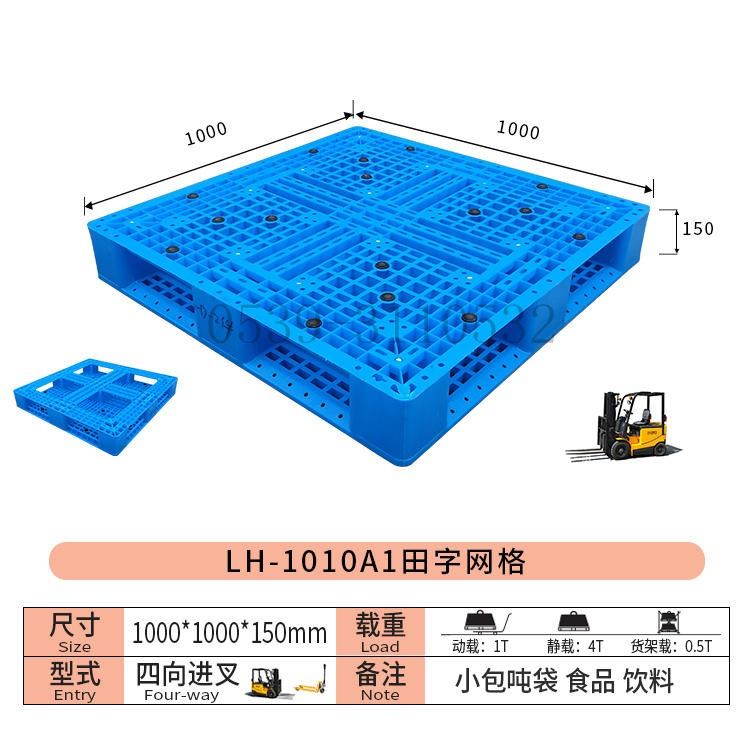 力豪 合肥塑料托盘 蚌埠塑料托盘 淮南塑料托盘 淮北塑料托盘 阜阳塑料托盘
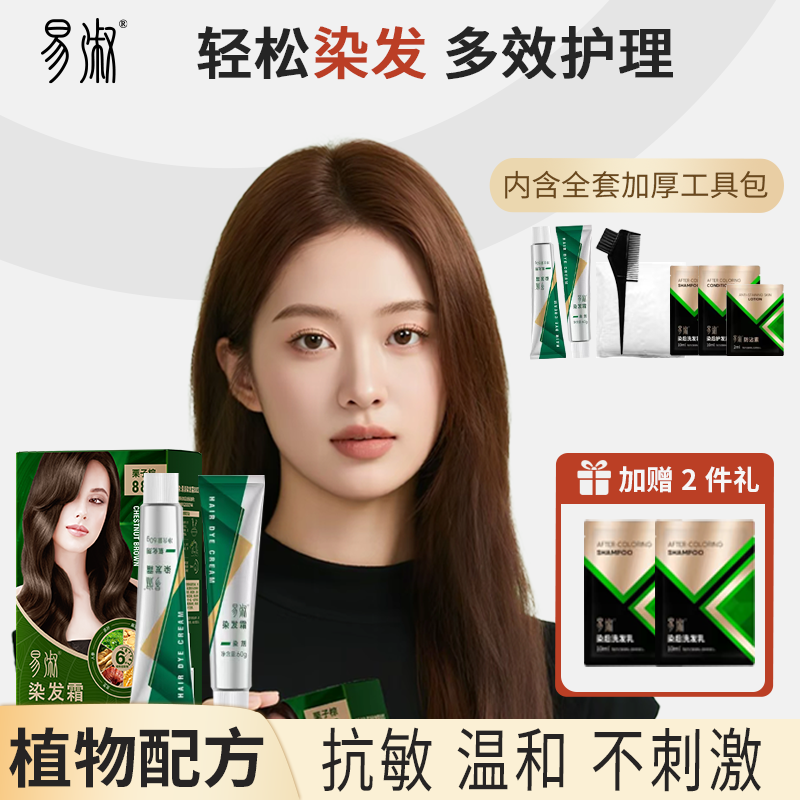易淑染发霜（北京/天津/河北/四川/海南可发）纯植物染膏无对苯二胺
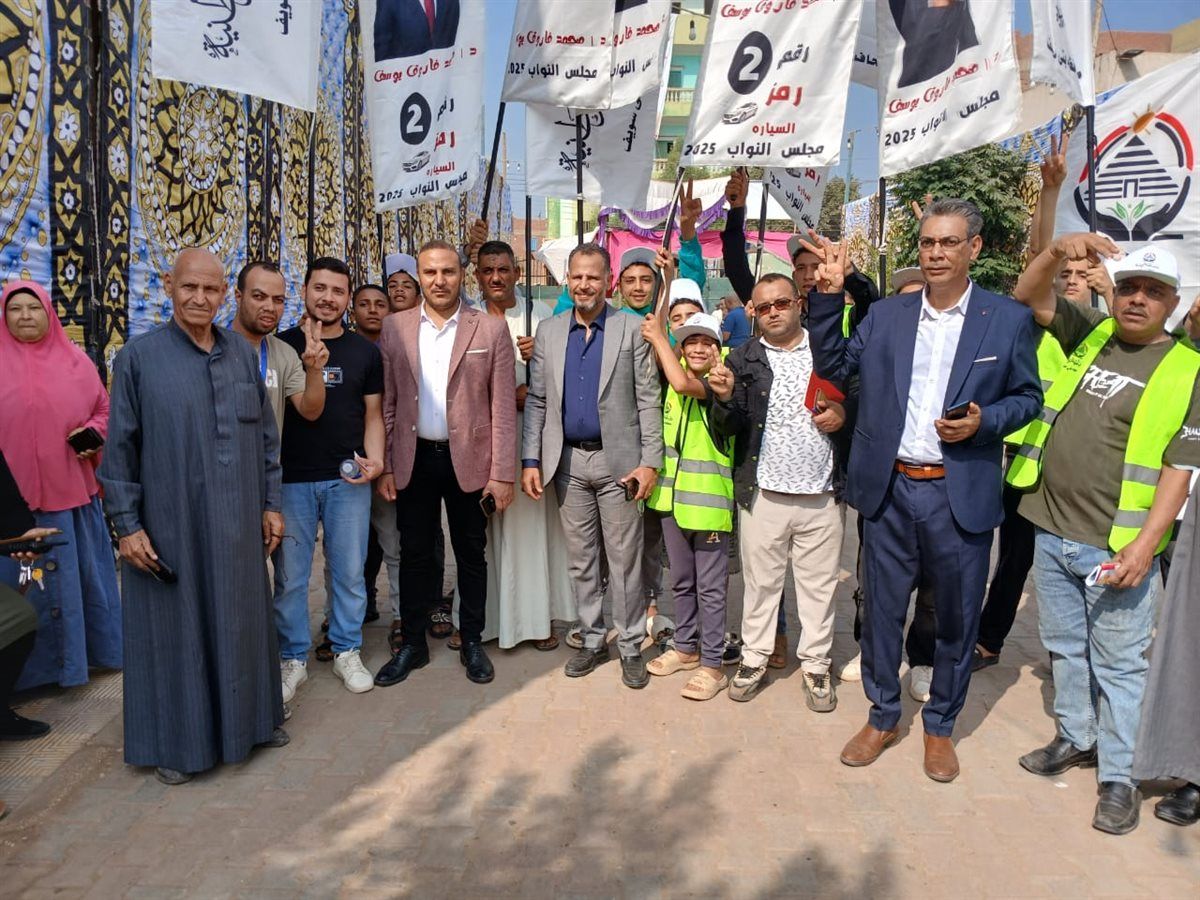 انتخابات مجلس النواب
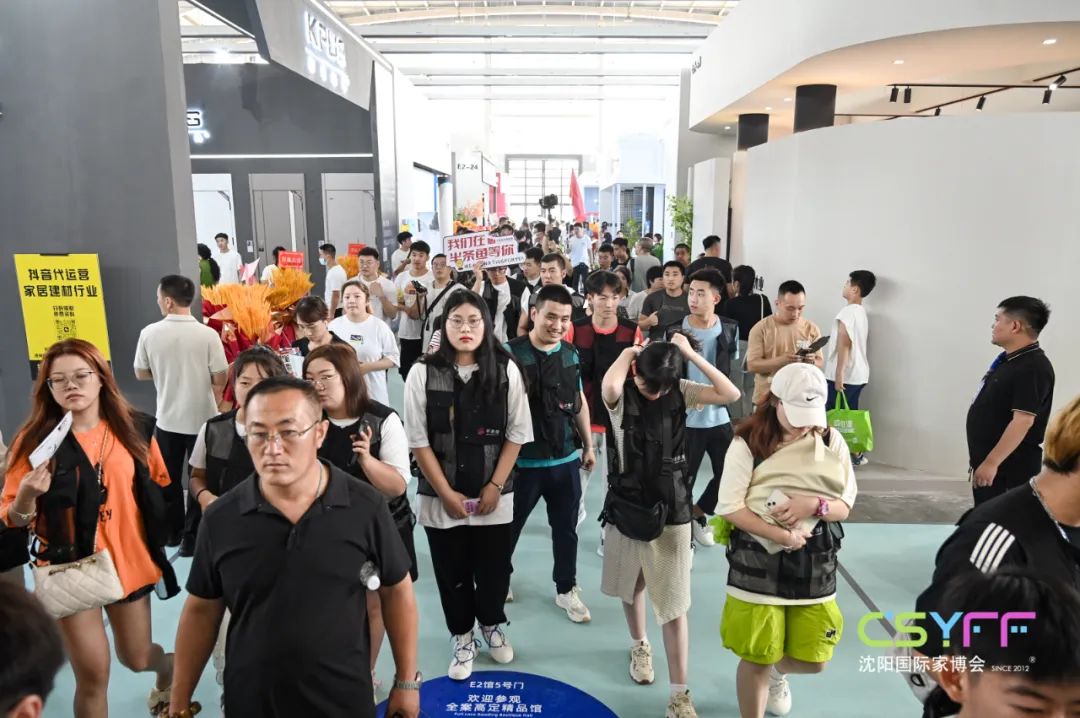 第十七届沈阳家博会,第17届中国沈阳家博会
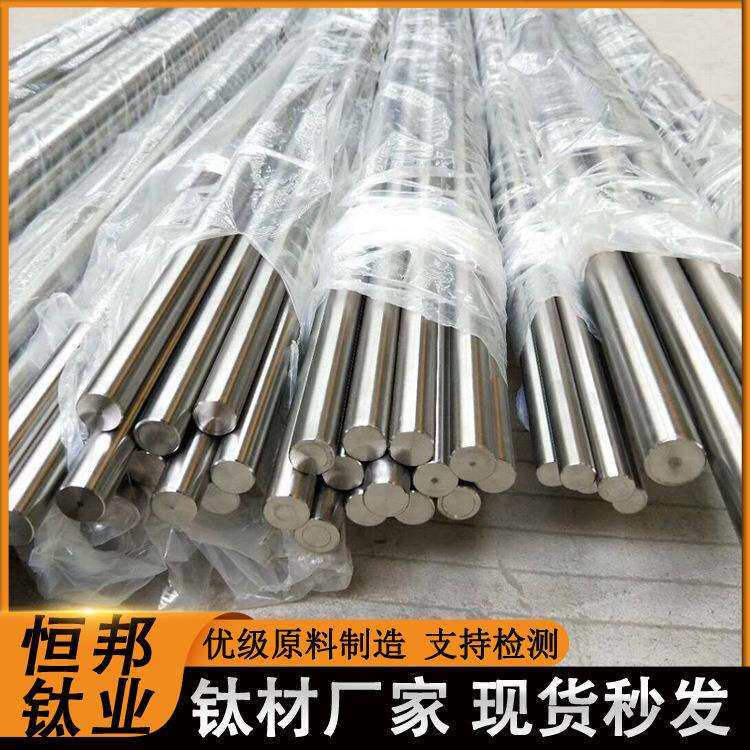 TC4钛合金棒 TC4钛棒 钛合金棒料 TC4钛合金棒材 钛合金棒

# # # # #

Wherever a picture appears, omit it; copy the rest of the data exactly.

 力豪 合肥塑料托盘 蚌埠塑料托盘 淮南塑料托盘 淮北塑料托盘 阜阳塑料托盘
易淑染发霜（北京/天津/河北/四川/海南可发）纯植物染膏无对苯二胺
 انتخابات مجلس النواب
 第十七届沈阳家博会,第17届中国沈阳家博会
 TC4钛合金棒 TC4钛棒 钛合金棒料 TC4钛合金棒材 钛合金棒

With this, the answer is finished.